[Records drawn from a dataset]
===============
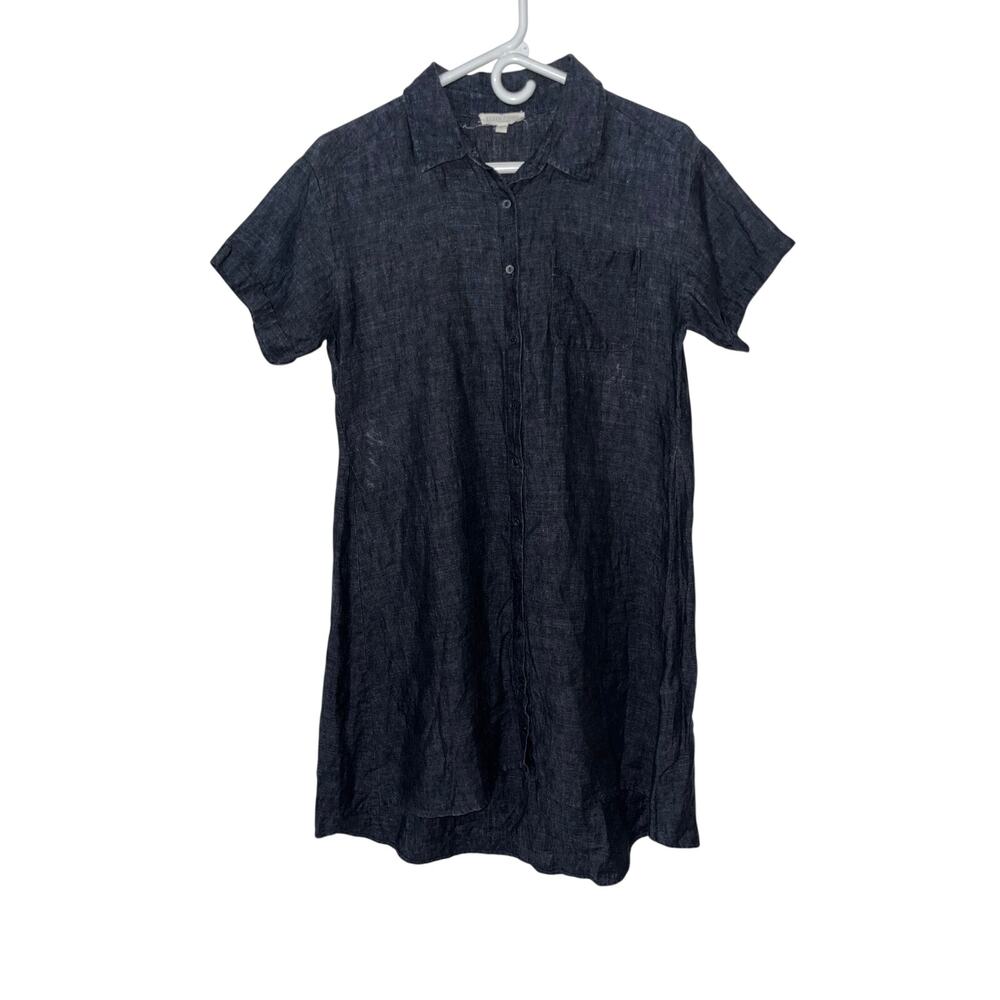 Eileen Fisher 100% Linen Short Sleeve Shirt Dress Black Charcoal Petite Small PS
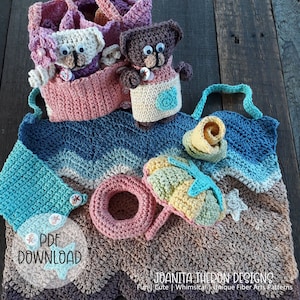 May include: A selection of handmade crochet items, including teddy bears, a blanket, a bib, a donut, and a starfish. The items are in pastel colours, with a beach theme. The text "PDF DOWNLOAD" is visible.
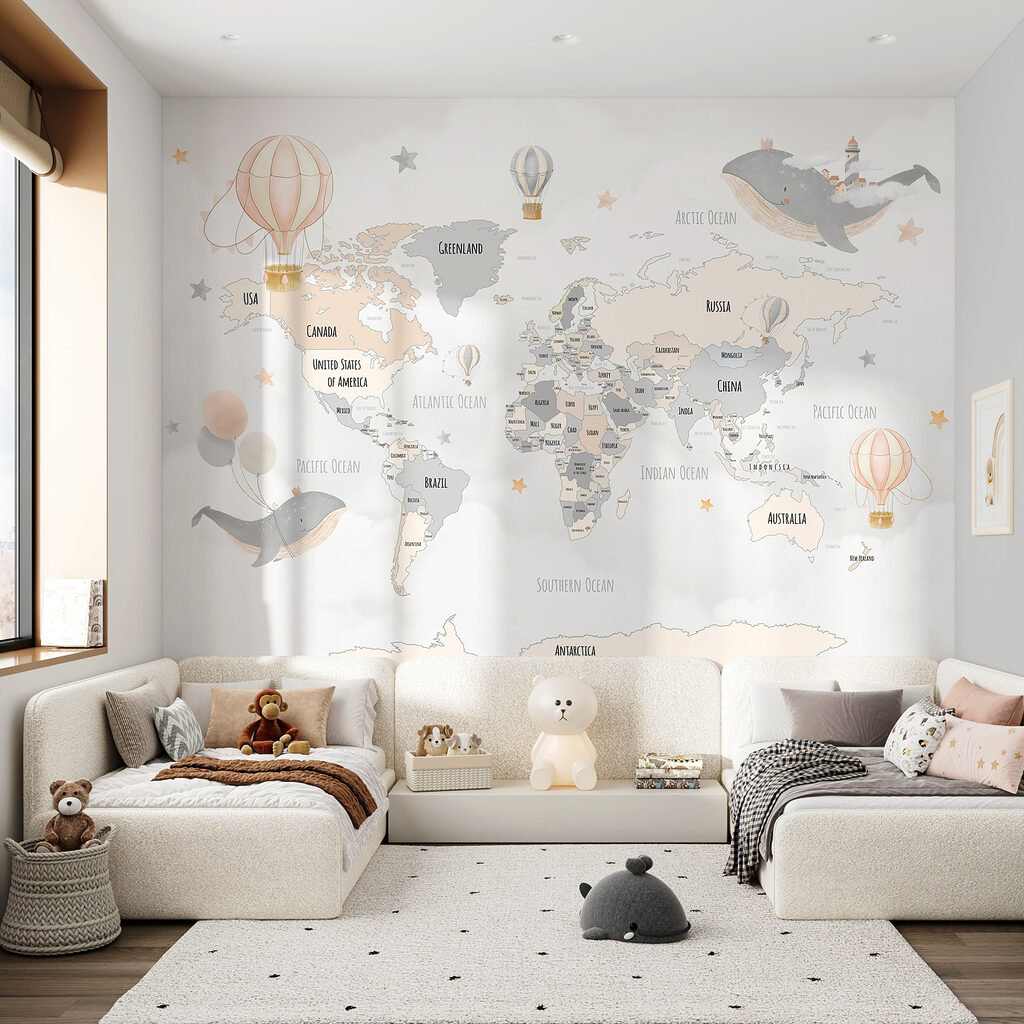 Mapa con globos en un interior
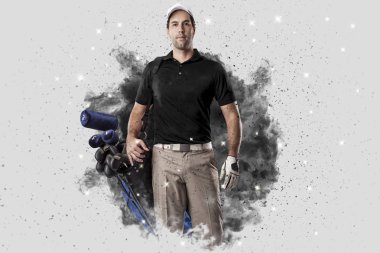 Golf oyuncu duman bir patlama dışarı geliyor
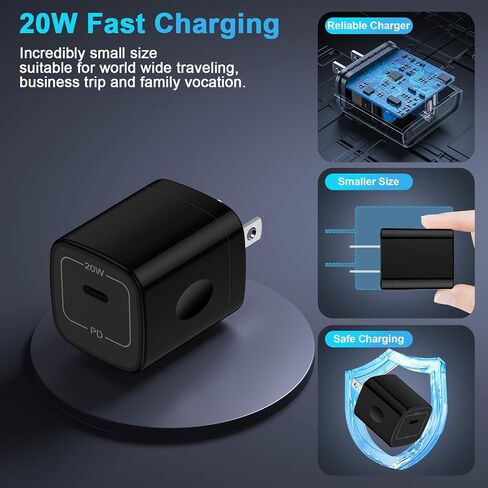 سامسونج نوع C سوبر سريع الروبوت الهاتف الجدار شاحن كتلة 20W USB C شحن سريع الطوب شاحن محول لسامسونج غالاكسي A15 / A35 / A54 5G / A55 / A14 / S24 الترا / S23 / S22 / S21 / S20 / S10 / بكسل 8a / 8 / 7 / ايفون 15 in Kuwait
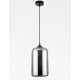 Chrome Glass Black Metal Black Fabric Wire LED E27 1x12 Watt 230 Volt IP20 Bulb Excluded D: 17.5 H1: 29.8 H2: 120 cm Adjustabl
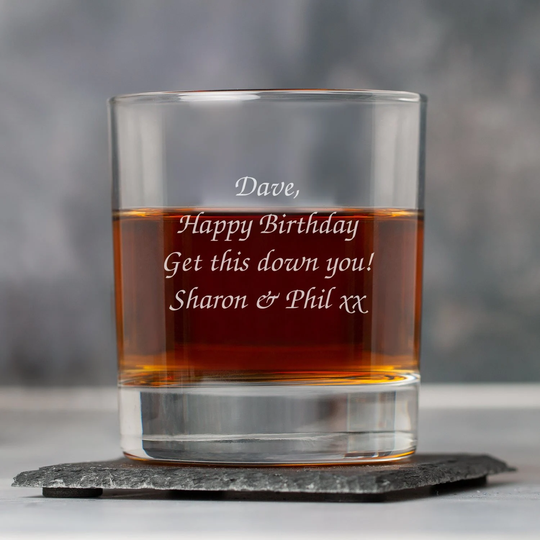 Personalised Engraved Message Tumblers Whisky Glass Gifts Ideas Presents For Mens Dad Him His Whiskey Birthday Fathers Day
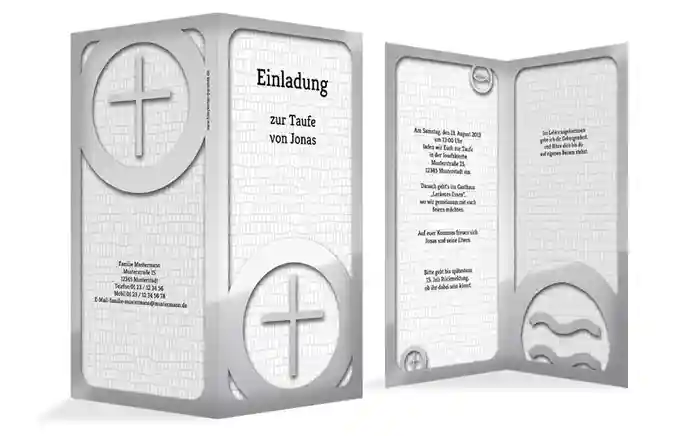 Einladungskarte Taufe Taufsymbolrahmen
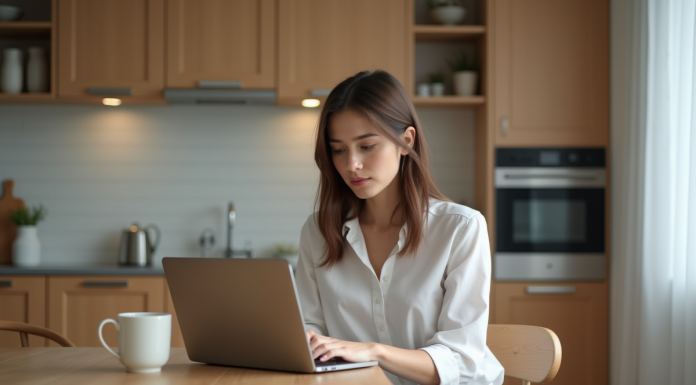 Jeune femme utilisant un calculateur de pret en cuisine moderne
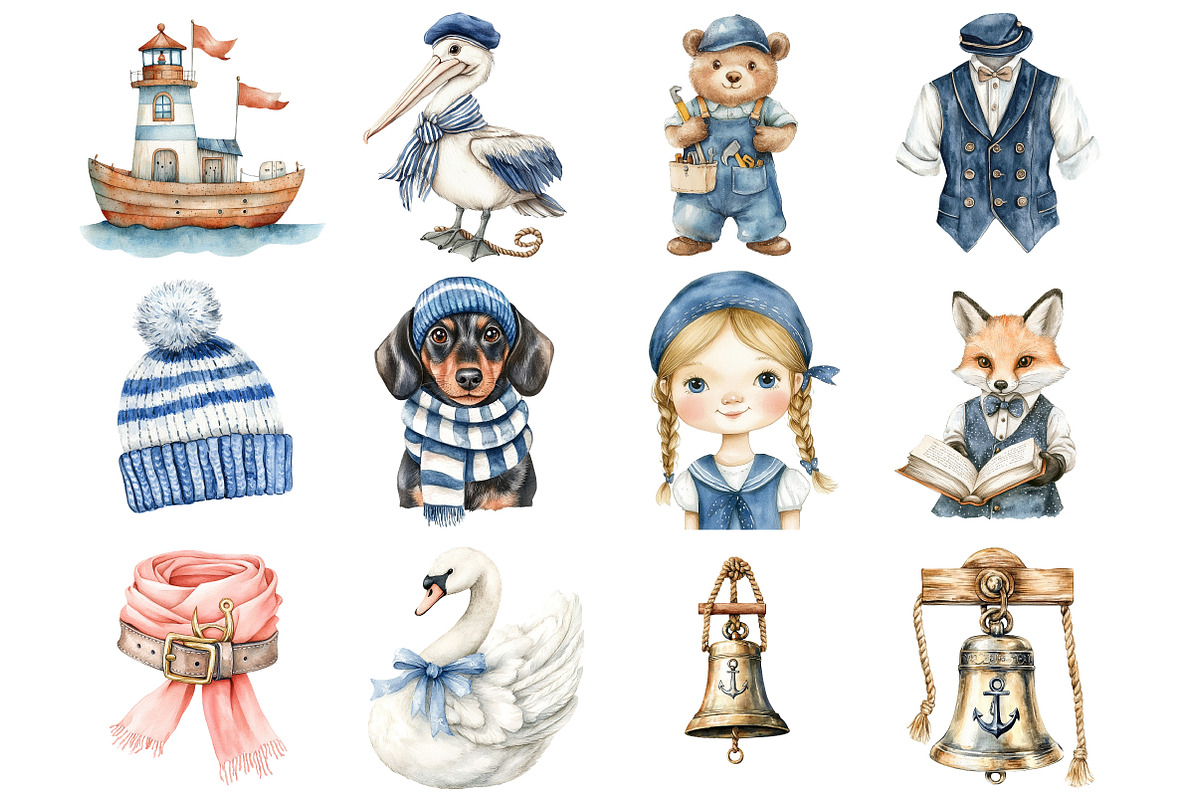 Cute Vintage Sailor Animals, a Seasonal Illustration by CitraGraphics (Photo 2 of 4)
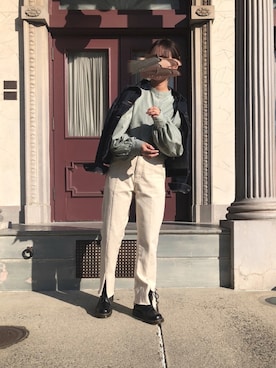 「Dr. Martens（ドクターマーチン）のDr.ﾏｰﾁﾝ　1460　8ホール（ブーツ）」を使った、n+さん（レディース・156cm）の春コーディネート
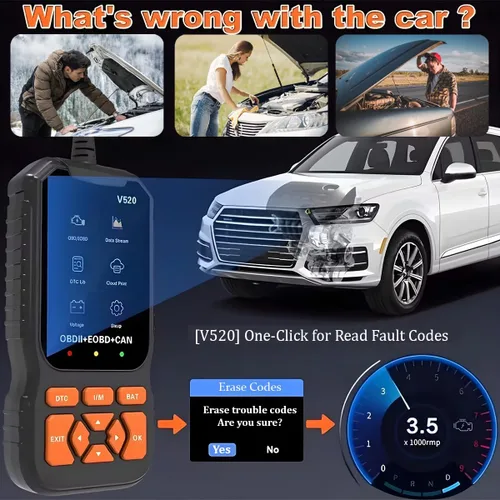 Vista 5 de Herramienta de diagnóstico de escáner de coche OBD2, lector de código OBDII/EOBD para vehículos V520, lector de códigos de falla automotriz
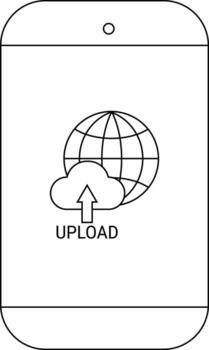 A phone displays an UPLOAD symbol comprised of a globe cloud and up arrow vector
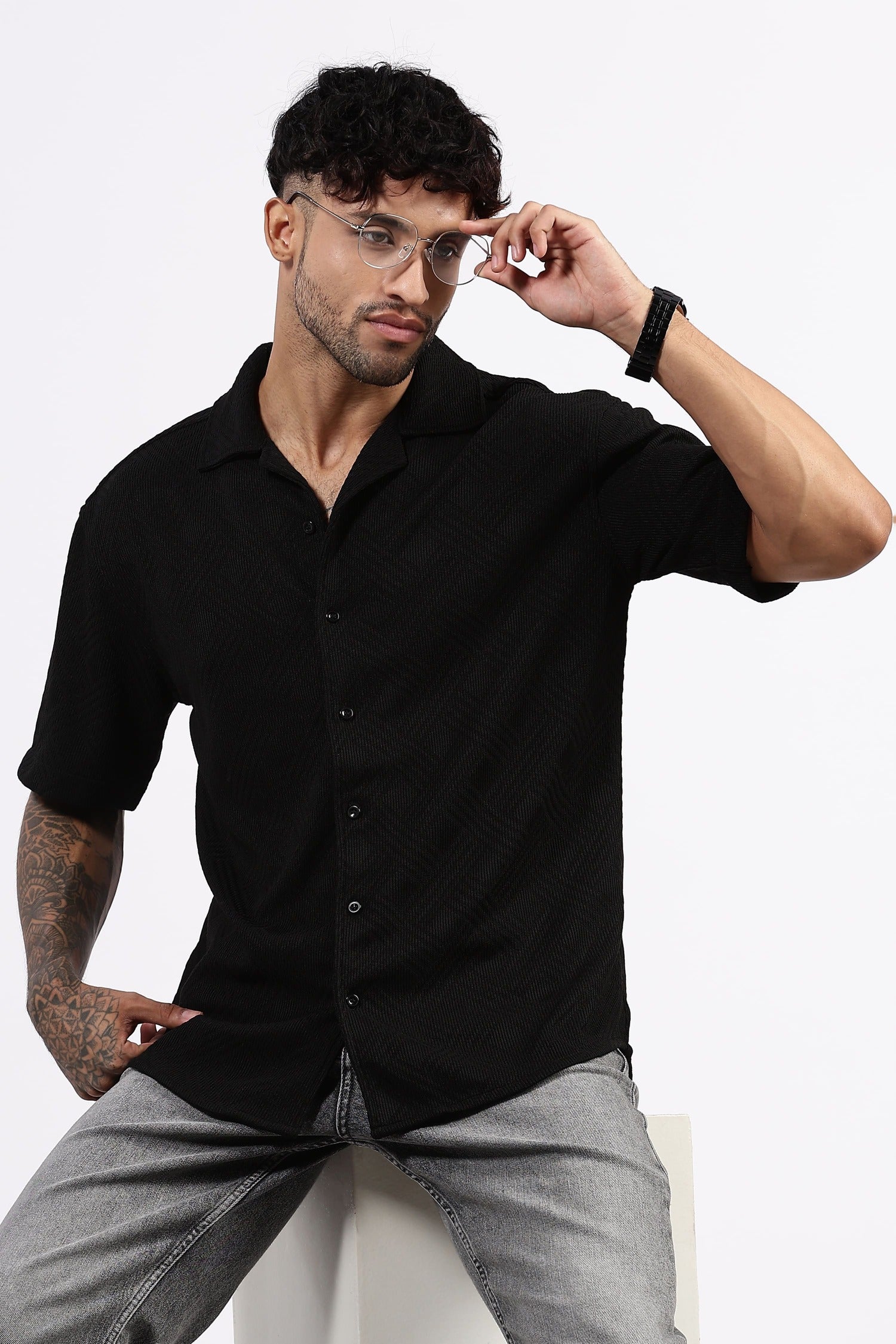 Jacquard drop shoulder shirt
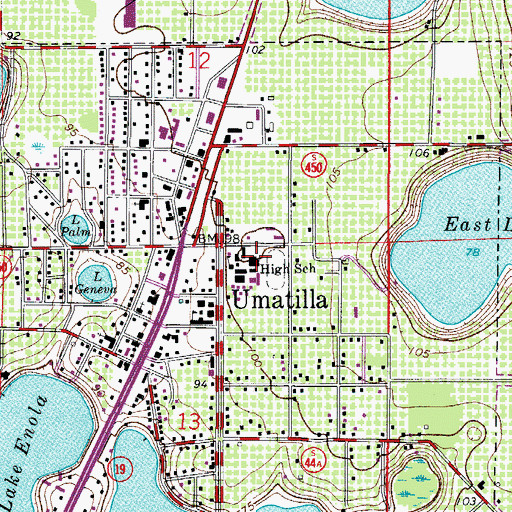 Topographic Map of Umatilla High School, FL
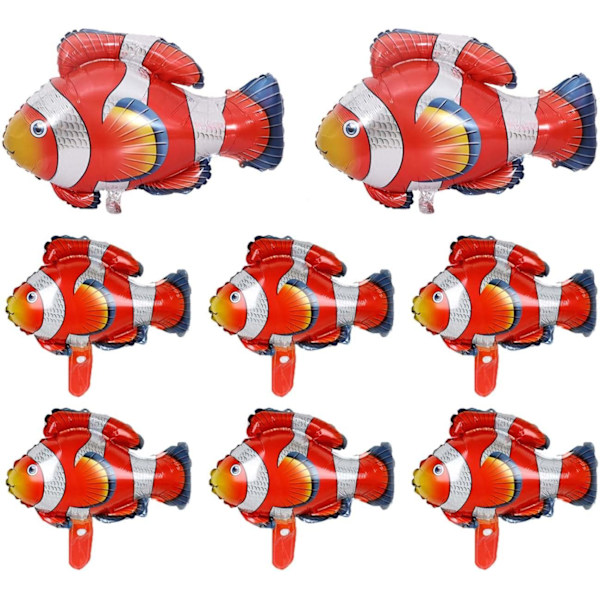 8 stk. tropiske fisk balloner aluminium folie havdyr balloner til sommer strand tropisk tema fest fødselsdag baby shower bryllup fest dekorationer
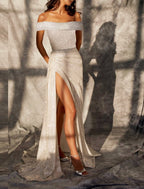 Mermaid / Trumpet Prom Dresses Sparkle & Shine Dress Formal Court Train Sleeveless Off Shoulder Sequined with Sequin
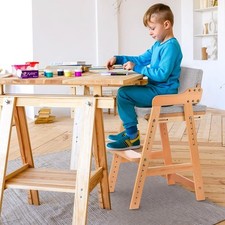 Hochstuhl Buchenholz Kinderstuhl, 6 Stufen höhenverstellbar Lehrstuhl 40 * 40 cm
===============
→ Assignment
Reproduce exactly, and only, the lines from the one containing "Personalised Engraved Message" through the last line of the records above, both included, leaving out any pictures.

→ Written response
 Personalised Engraved Message Tumblers Whisky Glass Gifts Ideas Presents For Mens Dad Him His Whiskey Birthday Fathers Day
 Einladungskarte Taufe Taufsymbolrahmen
 Jeune femme utilisant un calculateur de pret en cuisine moderne
 Cute Vintage Sailor Animals, a Seasonal Illustration by CitraGraphics (Photo 2 of 4)
 「Dr. Martens（ドクターマーチン）のDr.ﾏｰﾁﾝ　1460　8ホール（ブーツ）」を使った、n+さん（レディース・156cm）の春コーディネート
 Vista 5 de Herramienta de diagnóstico de escáner de coche OBD2, lector de código OBDII/EOBD para vehículos V520, lector de códigos de falla automotriz
 A phone displays an UPLOAD symbol comprised of a globe cloud and up arrow vector
 Jacquard drop shoulder shirt
 Topographic Map of Umatilla High School, FL
 8 stk. tropiske fisk balloner aluminium folie havdyr balloner til sommer strand tropisk tema fest fødselsdag baby shower bryllup fest dekorationer
 Mermaid / Trumpet Prom Dresses Sparkle & Shine Dress Formal Court Train Sleeveless Off Shoulder Sequined with Sequin
 Hochstuhl Buchenholz Kinderstuhl, 6 Stufen höhenverstellbar Lehrstuhl 40 * 40 cm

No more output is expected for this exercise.